§ Work instructions
The response must consist of the lines below from the one with "Puede incluir: Dise&ntilde;o" through the one with "Un assesseur tamponne", exactly as they appear and with both ends kept.

§ Entries supplied
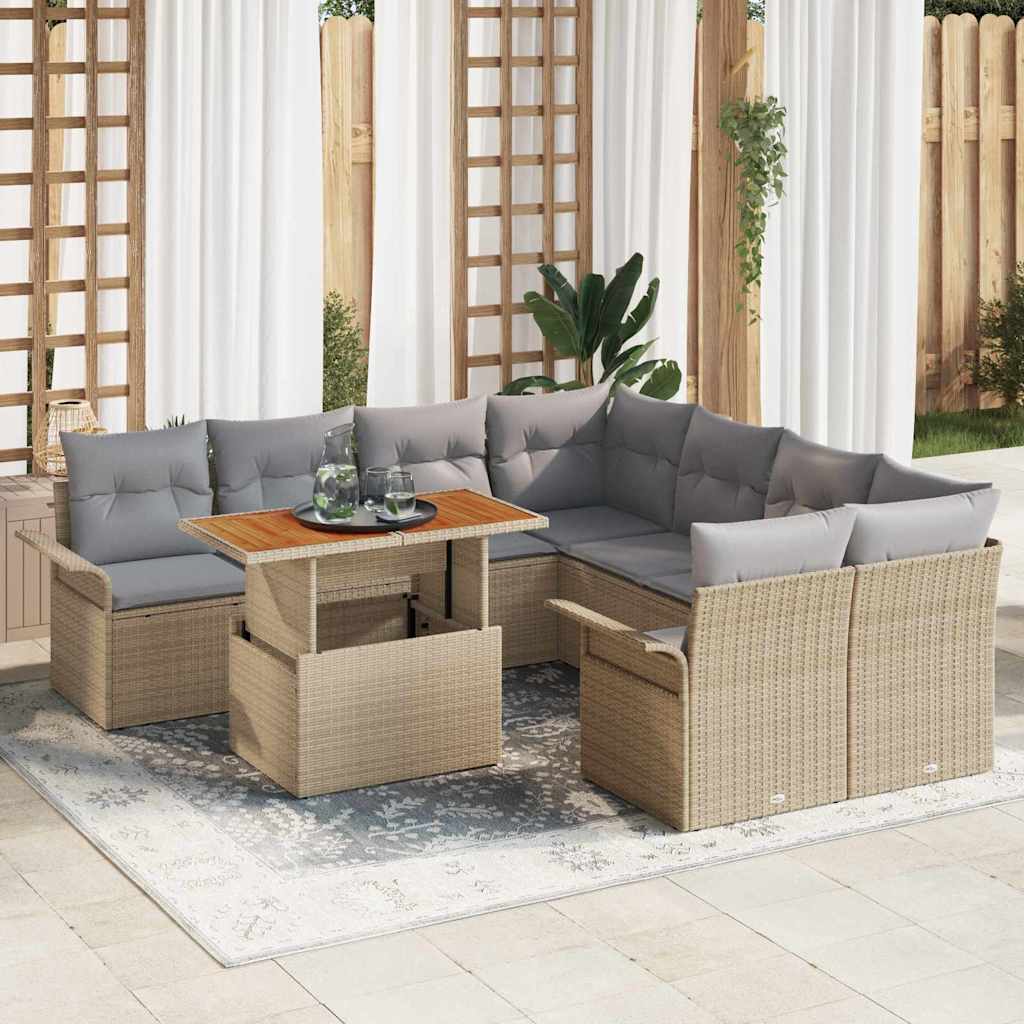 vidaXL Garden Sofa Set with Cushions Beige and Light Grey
* * *
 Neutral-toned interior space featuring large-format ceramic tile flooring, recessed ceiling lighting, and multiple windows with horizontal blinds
---
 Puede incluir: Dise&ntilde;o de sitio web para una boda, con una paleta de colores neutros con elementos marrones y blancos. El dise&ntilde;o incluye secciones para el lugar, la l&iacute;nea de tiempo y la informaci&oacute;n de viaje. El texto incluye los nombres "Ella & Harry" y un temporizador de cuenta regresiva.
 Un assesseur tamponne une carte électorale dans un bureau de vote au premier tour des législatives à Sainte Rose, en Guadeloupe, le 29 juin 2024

§ Result
 Puede incluir: Dise&ntilde;o de sitio web para una boda, con una paleta de colores neutros con elementos marrones y blancos. El dise&ntilde;o incluye secciones para el lugar, la l&iacute;nea de tiempo y la informaci&oacute;n de viaje. El texto incluye los nombres "Ella & Harry" y un temporizador de cuenta regresiva.
 Un assesseur tamponne une carte électorale dans un bureau de vote au premier tour des législatives à Sainte Rose, en Guadeloupe, le 29 juin 2024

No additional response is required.